# Rise and Fight Cougar Fans!



## GaryFish (Sep 7, 2007)

Well, after yesterday's fight, it looks like Bronco took his eyes off the prize a little bit. Hmmmmm. Very interesting article. 
http://www.msn.com/en-us/sports/nca...ed-for-wisconsin-head-coaching-job/ar-BBh7izC


----------



## Critter (Mar 20, 2010)

I don't see any problems with a coach weather he is a head coach or a assistant wanting to go to another program. Weather it is for the money or to get back to where they came from is no problem. Some coaches will stagnate if they stay where they are at today and usually have to be fired to get them out of the program, usually after a number of loosing or mediocre seasons. And BYU can't be one of the easiest places to coach at with what the school requires of its student athletes. 

Where I do have a problem is when a coach takes another job and deserts the team like Colorado States Jim McElwain did to take the job at Florida. I also think that there should be restrictions on other teams going after head coaches until the whole season has ended.


----------



## hnt4food (Oct 28, 2009)

I don't think Bronco actually applied for the job. If you look at the released applications Bronco's is just a bunch of photocopied newspaper articles, while the others are actual resumes. My guess is someone from the #firebronco crowd sent that in on his behalf.

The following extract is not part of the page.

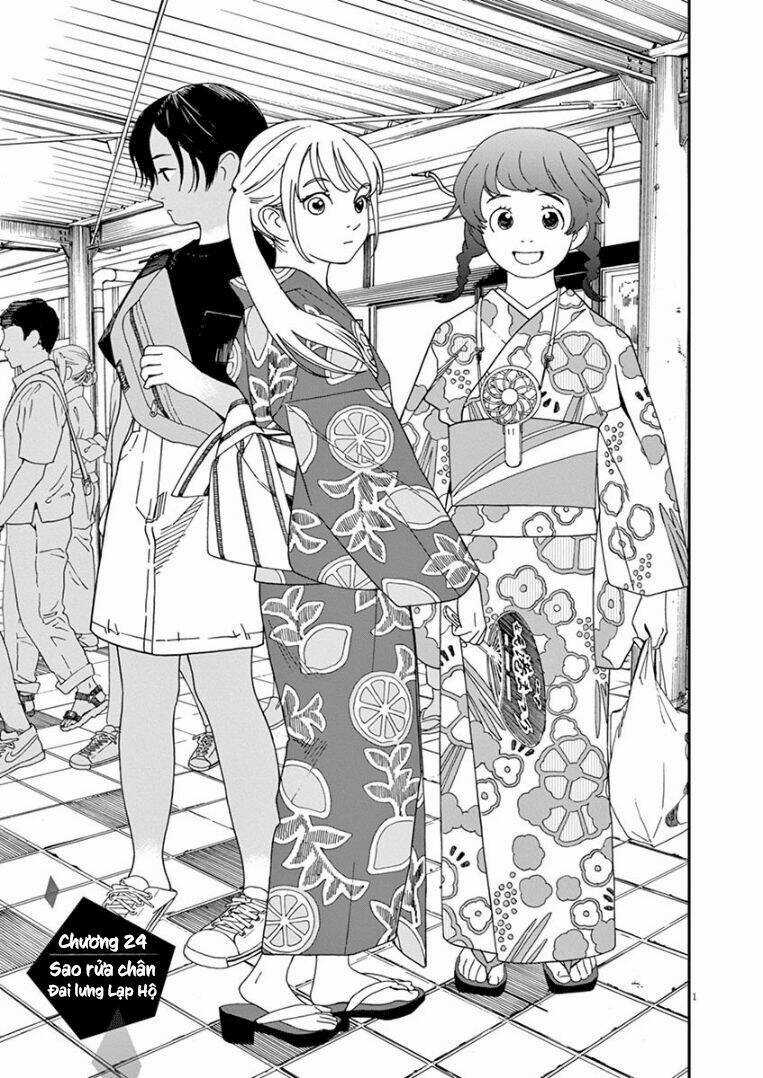 Câu Lạc Bộ Những Kẻ Mất Ngủ Chapter 24 trang 1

http://www.buckys5thquarter.com/201...ch-bronco-mendenhall-dave-aranda-applications

If it was Bronco that sent news paper articles for his application that gives me a new level of respect for him. There were some real winners to choose from on that list though.


----------



## Catherder (Aug 2, 2008)

Well, to Roscoes credit, he had the cougs fighting hard in their bowl game yesterday............................uh,......sorry, poor choice of words. 


In all seriousness, so what if he did. Coach Whit apparently did the same thing for the Michigan job and nobody is raking him over the coals for it. Maybe Roscoe is weary of all this independence nonsense and the "fun" associated with it.


----------



## 2full (Apr 8, 2010)

$$$$$
Money talks.


----------



## GaryFish (Sep 7, 2007)

Yea, looking at the submissions, someone else had to have submitted stuff. What was submitted are the pages from the BYU Football media guide. Pretty funny though. And I'm as BYU Blue as they come. Clever for sure.


----------



## Catherder (Aug 2, 2008)

Looks like there is another position he could apply for 40 miles to the North of his present job. 

Don't laugh. Isn't that how we usually do it at the U?


----------



## GaryFish (Sep 7, 2007)

is whit going somewhere?


----------



## Catherder (Aug 2, 2008)

GaryFish said:


> is whit going somewhere?


Sitake left the U for Oregon st. The D coordinator job is open.

http://www.deseretnews.com/article/865618372/Sitake-is-leaving-the-Utes-for-Oregon-State.html


----------



## GaryFish (Sep 7, 2007)

Yea. That would be cute. Whit and Bronco don't get along. Not at all. So it goes.


----------



## Packfish (Oct 30, 2007)

2full said:


> $$$$$
> Money talks.


I think Anderson is taking less money- though coaching under Barry is probably a night mare and at OSU if you go to a bowl game you are the savior. Wife probably like the weather better also.


----------



## Packfish (Oct 30, 2007)

I see Anderson hasn't signed yet- waiting on Kyle ?


----------



## Packfish (Oct 30, 2007)

I see Hill says Kyle is their coach-whats Anderson doing ?


----------



## Packfish (Oct 30, 2007)

Rats- USU is now looking for a couple of coaches- Need to go out and get quality people.


----------